> SUPPLIED RECORDS:
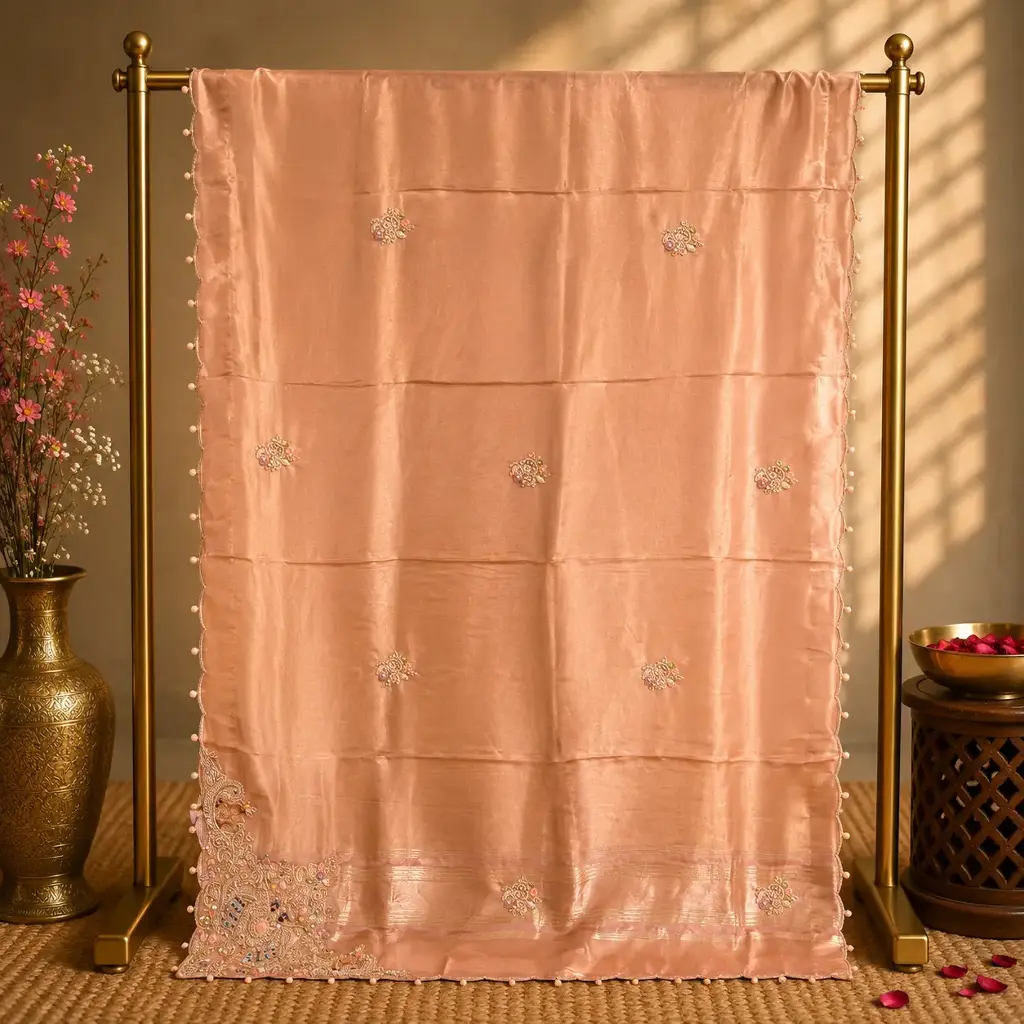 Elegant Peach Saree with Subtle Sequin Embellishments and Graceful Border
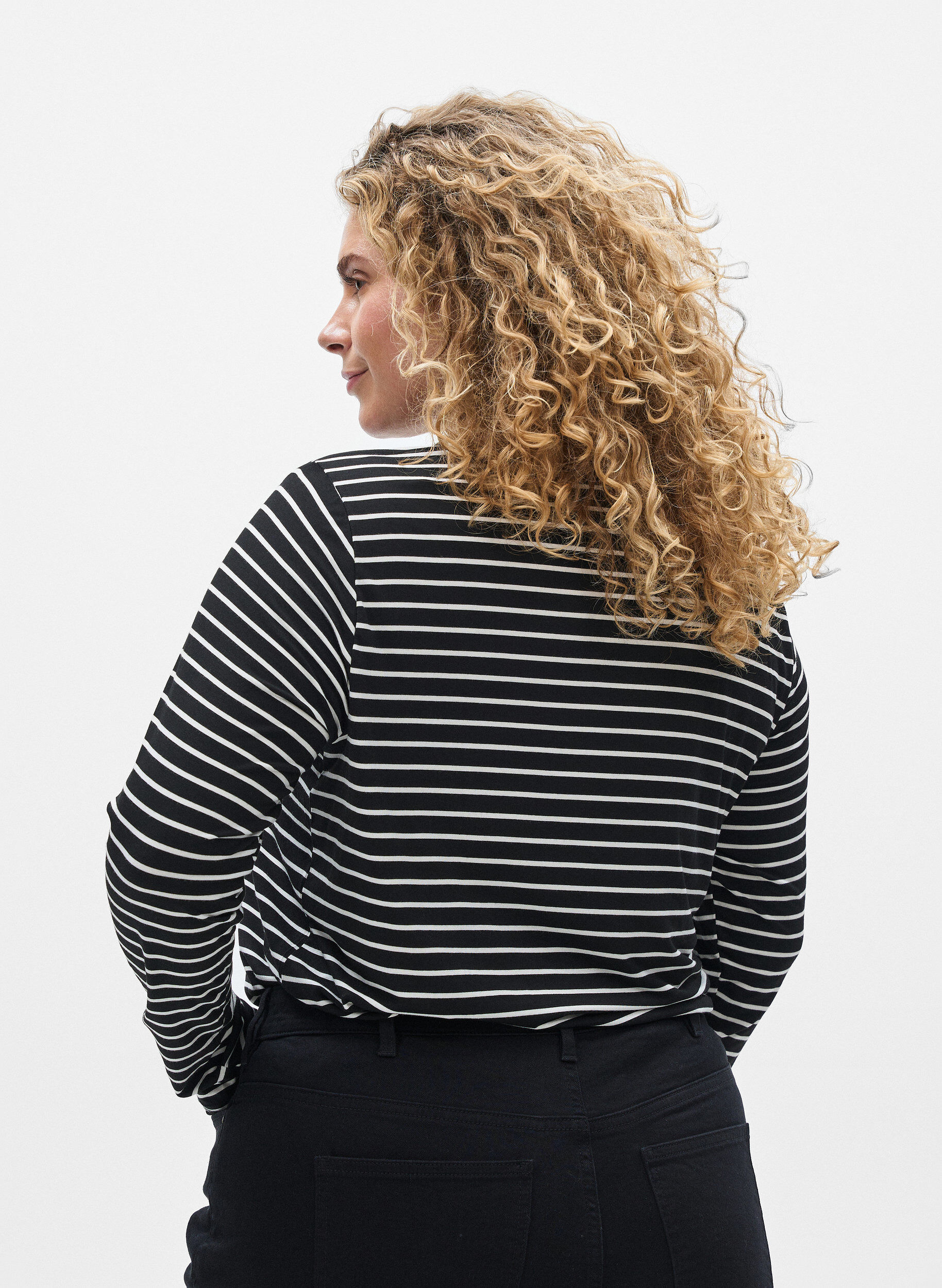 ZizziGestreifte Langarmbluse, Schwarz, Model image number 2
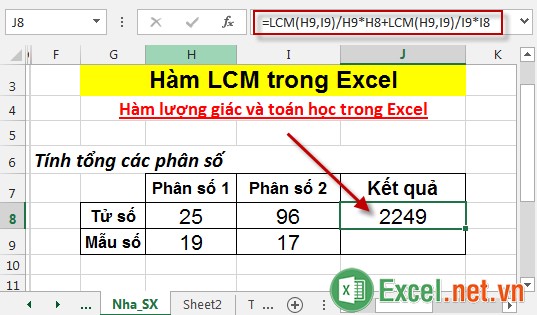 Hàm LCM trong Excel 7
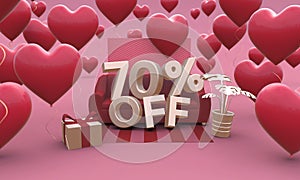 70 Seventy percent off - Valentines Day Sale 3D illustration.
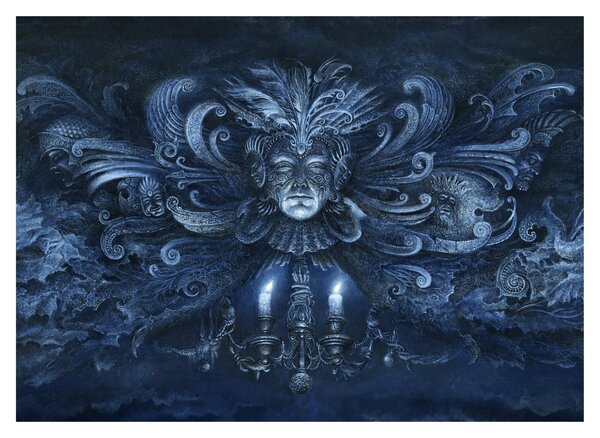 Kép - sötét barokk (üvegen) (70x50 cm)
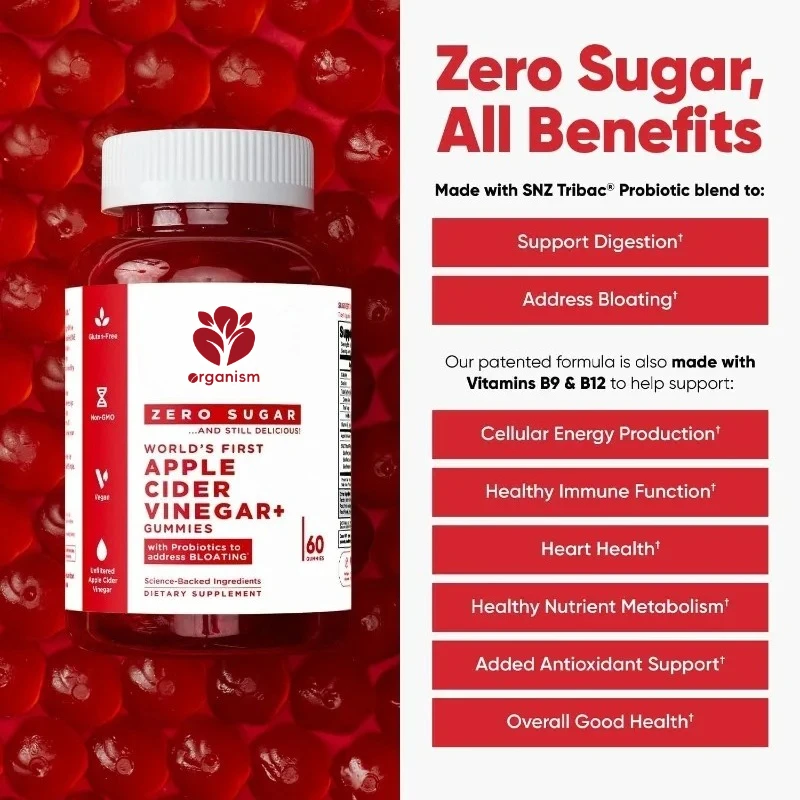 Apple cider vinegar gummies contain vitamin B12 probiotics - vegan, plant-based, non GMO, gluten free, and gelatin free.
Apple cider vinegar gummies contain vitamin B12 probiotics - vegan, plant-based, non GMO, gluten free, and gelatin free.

> TASK DIRECTIONS:
Lines from the one containing "ZizziGestreifte Langarmbluse, Schwarz, Model" through the end of the entries above, both included, are to be written out exactly; no pictures and no other lines.

> ANSWER AREA:
 ZizziGestreifte Langarmbluse, Schwarz, Model image number 2
 Hàm LCM trong Excel 7
 70 Seventy percent off - Valentines Day Sale 3D illustration.
 Kép - sötét barokk (üvegen) (70x50 cm)
 Apple cider vinegar gummies contain vitamin B12 probiotics - vegan, plant-based, non GMO, gluten free, and gelatin free.
Apple cider vinegar gummies contain vitamin B12 probiotics - vegan, plant-based, non GMO, gluten free, and gelatin free.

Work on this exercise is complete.